Thursday, July 28, 2011

Thankful Thursday: Writing While the Rice Boils

Last week, Debbie Maxwell Allen commented on my Thankful Thursday post that she loved the Adventures in Children's Publishing site I mentioned. "Too many helpful sites, too little time. :)," she wrote.

Well, that's why I follow Debbie's site Writing While the Rice Boils:  "Resources for writers with little time and even less money, who are on the journey to publication."

I found Debbie's site through the Pikes Peak Writers member directory. She's very helpful and friendly on her blog and in person. I met her at a writer's conference.

Debbie shares relevant resources available on the Internet and bonus:  I don't have to search for them. Debbie does all that work for us. She reviews books on the writing craft, highlights agents on Fridays and shares a ton of resources.

If you don't follow her regular posts, you can search for a specific topic through the "Looking for a Post?" box in the right hand column.

She also Tweets her posts, so follow her on Twitter  @DebbieMaxAllen


A few recent posts I enjoyed:


If you get a chance, look up her site. Lots of useful resources there.

Wednesday, July 27, 2011

Writers need to ask questions, consider value

It's only mid-week and I'm already overloaded with  information. The publishing landscape is changing faster than the soil around my new house is sinking.*

On Monday, BookEnds, LLC - A Literary Agency rolled out information on how it will publish existing and new clients. The post The BookEnds Strategy for Self-EPublishing caused a bit of a stir. Comments keep flying on this one. 

I think each writer needs to read the piece and sift through the more than 150 comments to determine how he or she feels about this news.
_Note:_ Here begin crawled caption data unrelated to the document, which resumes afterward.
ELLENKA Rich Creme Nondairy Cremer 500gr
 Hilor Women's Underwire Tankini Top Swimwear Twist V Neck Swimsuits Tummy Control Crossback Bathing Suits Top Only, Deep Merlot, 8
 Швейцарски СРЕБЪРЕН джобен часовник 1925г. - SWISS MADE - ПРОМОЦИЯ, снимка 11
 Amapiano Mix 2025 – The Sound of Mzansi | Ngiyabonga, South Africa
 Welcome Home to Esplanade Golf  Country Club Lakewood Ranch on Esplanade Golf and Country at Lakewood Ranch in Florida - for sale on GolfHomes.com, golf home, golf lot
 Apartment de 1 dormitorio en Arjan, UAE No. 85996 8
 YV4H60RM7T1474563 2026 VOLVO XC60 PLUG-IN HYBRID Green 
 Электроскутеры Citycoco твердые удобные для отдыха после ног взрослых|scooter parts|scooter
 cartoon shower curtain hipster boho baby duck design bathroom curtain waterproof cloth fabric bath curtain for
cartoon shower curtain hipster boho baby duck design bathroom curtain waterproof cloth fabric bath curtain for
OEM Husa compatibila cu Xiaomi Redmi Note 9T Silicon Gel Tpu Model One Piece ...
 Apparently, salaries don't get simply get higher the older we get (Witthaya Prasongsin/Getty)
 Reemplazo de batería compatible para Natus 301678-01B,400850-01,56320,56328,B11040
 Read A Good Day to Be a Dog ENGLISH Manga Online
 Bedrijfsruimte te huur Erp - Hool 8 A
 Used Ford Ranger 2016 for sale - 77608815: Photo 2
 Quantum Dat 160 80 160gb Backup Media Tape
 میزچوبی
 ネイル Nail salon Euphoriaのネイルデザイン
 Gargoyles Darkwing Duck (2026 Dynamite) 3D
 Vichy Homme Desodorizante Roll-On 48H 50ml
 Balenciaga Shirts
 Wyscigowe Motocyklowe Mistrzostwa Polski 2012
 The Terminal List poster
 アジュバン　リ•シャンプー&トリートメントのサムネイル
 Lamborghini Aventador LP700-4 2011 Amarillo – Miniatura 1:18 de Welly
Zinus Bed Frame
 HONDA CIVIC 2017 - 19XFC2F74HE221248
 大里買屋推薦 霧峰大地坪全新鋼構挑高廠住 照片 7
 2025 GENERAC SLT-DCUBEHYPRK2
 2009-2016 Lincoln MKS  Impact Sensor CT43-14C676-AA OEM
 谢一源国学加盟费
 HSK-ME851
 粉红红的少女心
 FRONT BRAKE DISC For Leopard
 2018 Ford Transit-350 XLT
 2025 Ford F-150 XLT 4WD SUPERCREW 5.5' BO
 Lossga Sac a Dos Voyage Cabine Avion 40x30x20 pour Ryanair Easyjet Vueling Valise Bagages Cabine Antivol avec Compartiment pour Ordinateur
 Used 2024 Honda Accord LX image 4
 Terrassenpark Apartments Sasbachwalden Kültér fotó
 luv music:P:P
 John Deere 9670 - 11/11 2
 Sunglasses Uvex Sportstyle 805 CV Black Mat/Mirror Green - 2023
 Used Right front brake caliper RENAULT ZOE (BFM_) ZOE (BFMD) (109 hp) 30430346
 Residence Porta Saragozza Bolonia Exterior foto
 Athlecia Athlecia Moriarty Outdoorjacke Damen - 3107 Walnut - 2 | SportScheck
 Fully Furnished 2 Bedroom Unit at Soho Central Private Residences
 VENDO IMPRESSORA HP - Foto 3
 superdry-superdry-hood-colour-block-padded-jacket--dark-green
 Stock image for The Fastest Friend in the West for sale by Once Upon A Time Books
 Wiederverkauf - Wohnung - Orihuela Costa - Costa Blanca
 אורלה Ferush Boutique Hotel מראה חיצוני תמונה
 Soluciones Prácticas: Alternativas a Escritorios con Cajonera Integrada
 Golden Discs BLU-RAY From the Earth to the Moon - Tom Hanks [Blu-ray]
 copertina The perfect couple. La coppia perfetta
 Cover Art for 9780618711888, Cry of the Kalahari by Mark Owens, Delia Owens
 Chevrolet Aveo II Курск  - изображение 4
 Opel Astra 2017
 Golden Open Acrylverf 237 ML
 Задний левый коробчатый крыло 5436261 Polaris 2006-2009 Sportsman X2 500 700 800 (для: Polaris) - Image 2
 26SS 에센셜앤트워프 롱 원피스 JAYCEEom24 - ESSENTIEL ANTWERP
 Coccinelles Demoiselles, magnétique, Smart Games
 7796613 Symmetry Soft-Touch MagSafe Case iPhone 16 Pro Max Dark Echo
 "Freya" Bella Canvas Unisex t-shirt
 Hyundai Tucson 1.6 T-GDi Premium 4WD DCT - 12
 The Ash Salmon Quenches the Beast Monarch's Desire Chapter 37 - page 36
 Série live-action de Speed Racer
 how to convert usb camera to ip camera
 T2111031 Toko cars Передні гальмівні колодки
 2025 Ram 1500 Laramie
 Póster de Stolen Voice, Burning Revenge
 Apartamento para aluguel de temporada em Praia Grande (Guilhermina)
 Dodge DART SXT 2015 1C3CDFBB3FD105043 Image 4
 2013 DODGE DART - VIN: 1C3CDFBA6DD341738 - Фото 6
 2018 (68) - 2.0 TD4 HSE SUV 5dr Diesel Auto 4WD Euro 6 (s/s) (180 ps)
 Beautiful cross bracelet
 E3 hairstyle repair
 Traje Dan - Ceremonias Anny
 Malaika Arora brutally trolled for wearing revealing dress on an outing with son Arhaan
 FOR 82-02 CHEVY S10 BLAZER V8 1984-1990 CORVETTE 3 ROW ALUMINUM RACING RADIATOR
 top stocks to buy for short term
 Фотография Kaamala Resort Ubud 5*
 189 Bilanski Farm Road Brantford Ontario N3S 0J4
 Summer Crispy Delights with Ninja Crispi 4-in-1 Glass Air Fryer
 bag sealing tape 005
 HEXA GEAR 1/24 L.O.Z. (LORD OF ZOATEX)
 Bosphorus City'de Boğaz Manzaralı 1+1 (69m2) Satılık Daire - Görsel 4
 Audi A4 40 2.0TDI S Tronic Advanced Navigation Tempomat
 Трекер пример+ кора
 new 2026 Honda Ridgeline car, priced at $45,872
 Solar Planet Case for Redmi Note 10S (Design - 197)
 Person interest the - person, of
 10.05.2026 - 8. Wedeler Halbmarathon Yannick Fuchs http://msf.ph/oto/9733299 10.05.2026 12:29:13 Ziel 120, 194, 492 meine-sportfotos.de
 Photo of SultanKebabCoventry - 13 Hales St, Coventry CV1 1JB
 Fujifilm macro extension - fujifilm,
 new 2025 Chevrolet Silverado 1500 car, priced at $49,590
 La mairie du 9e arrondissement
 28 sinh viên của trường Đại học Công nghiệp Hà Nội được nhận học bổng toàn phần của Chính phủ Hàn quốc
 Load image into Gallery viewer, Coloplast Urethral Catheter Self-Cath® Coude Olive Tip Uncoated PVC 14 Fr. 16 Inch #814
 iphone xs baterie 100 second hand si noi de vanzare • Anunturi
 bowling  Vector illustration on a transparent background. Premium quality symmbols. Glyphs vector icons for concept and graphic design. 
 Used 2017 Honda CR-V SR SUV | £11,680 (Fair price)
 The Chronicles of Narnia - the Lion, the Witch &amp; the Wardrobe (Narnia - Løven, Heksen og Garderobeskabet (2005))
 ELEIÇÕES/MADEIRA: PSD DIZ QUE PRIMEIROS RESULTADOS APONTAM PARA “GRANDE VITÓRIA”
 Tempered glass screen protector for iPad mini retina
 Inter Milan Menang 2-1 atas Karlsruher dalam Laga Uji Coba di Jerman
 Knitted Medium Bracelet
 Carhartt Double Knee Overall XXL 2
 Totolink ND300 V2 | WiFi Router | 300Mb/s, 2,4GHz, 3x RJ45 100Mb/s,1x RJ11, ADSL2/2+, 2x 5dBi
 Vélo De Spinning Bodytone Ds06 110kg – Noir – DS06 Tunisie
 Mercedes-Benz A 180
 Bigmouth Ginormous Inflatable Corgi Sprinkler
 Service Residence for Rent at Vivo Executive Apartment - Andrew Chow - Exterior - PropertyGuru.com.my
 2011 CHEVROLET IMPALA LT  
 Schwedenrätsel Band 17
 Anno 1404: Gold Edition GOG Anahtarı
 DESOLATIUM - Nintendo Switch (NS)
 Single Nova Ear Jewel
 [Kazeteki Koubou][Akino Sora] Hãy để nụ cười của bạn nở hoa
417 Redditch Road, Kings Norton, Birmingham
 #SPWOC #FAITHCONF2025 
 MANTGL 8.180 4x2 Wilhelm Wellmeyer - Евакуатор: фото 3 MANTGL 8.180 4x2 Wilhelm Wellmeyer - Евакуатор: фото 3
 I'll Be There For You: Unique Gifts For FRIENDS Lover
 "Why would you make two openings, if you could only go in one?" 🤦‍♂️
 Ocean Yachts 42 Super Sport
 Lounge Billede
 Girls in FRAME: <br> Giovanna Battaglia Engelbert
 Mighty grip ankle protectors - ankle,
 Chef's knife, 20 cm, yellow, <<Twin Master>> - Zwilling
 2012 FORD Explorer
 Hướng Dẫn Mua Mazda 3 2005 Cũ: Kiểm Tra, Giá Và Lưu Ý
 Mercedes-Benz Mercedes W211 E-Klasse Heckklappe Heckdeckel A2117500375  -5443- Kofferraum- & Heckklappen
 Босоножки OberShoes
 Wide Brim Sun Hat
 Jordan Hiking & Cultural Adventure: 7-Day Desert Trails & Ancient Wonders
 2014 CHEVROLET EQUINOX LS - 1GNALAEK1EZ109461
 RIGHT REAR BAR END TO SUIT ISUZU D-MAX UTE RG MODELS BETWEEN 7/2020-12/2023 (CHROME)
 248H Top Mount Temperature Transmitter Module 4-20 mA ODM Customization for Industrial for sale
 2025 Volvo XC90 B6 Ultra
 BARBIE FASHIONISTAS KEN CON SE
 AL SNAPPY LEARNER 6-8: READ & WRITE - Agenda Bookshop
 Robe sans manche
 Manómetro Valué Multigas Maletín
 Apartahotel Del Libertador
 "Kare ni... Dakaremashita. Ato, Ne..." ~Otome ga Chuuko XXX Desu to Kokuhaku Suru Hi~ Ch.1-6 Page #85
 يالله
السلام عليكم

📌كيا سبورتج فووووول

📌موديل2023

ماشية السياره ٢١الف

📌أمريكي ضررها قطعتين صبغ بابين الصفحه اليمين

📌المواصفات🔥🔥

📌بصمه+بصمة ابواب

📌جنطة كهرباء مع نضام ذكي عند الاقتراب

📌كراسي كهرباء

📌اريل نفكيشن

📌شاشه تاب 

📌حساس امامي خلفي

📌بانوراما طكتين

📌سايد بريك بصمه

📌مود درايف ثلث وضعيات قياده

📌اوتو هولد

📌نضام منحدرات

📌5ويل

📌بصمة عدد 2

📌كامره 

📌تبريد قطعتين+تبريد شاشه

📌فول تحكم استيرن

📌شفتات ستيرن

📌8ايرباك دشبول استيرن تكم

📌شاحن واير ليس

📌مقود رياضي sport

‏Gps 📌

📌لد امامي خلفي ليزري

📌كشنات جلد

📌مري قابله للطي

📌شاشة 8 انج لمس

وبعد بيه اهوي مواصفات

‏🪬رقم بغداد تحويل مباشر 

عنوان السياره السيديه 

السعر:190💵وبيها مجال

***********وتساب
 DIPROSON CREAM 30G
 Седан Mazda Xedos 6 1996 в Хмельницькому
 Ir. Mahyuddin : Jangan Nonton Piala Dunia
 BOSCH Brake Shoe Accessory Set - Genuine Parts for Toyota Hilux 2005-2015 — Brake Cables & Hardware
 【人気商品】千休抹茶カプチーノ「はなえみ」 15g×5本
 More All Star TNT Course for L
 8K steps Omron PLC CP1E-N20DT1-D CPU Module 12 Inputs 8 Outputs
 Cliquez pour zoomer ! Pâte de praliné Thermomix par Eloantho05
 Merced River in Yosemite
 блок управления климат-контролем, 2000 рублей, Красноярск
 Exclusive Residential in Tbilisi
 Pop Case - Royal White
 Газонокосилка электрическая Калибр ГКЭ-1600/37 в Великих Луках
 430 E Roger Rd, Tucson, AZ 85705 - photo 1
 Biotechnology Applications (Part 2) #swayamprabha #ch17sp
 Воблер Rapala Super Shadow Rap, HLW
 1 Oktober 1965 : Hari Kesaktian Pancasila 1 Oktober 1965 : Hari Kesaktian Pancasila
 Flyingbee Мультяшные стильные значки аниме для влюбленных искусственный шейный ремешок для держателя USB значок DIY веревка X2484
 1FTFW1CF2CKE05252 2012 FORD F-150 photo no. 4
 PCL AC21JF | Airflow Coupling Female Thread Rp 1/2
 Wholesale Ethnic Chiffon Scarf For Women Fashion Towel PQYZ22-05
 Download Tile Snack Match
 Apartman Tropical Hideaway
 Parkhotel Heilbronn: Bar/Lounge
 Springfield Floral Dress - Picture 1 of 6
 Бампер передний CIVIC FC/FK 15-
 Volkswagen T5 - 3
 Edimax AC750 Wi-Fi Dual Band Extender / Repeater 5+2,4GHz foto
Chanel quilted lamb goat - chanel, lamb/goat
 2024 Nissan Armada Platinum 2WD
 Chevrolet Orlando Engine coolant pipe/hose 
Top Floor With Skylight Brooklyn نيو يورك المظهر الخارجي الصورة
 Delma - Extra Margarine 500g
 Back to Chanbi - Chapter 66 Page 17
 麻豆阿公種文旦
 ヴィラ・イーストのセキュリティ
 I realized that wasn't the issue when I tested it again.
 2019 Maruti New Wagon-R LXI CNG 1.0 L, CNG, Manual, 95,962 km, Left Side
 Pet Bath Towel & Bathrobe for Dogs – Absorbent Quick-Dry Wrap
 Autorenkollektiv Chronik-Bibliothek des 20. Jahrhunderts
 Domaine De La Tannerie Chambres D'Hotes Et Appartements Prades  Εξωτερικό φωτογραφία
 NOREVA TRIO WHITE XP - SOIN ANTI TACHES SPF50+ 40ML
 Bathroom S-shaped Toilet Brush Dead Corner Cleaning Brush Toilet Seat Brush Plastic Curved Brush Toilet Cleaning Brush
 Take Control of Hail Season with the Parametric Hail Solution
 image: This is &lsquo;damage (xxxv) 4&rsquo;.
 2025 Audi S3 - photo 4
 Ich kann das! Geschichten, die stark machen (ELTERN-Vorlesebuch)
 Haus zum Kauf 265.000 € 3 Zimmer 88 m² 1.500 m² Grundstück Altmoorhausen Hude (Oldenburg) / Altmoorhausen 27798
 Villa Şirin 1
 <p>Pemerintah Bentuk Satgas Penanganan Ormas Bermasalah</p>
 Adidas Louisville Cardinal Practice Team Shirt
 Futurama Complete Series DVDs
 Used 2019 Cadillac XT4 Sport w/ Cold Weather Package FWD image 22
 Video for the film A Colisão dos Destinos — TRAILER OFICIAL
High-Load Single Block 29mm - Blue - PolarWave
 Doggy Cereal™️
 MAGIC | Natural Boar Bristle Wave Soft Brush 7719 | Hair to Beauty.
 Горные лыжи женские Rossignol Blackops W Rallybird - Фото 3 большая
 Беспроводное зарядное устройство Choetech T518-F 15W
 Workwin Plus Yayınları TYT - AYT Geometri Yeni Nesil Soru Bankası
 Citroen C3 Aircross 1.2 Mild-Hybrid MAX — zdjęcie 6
Writers had a lot of opinions on this topic. The agency received a lot of pushback for their Beyond the Page Publishing.

I think The Passive Voice blog did a good job of summing up the conflict of interest issue raised by so many on this new change in an agency's role with writers: Agents in Conflict with Clients - Issues and Responses.

Before I posted this, I ran across Bob Mayer's take on the topic:  Should your agent self-publish you? Can your agent self-publish you? 

All this raised an important topic for me. As writers, we are asked every day to pay for services from someone who will coach, edit, train or market us to be better writers. Some will even "just write the damn book" for us.  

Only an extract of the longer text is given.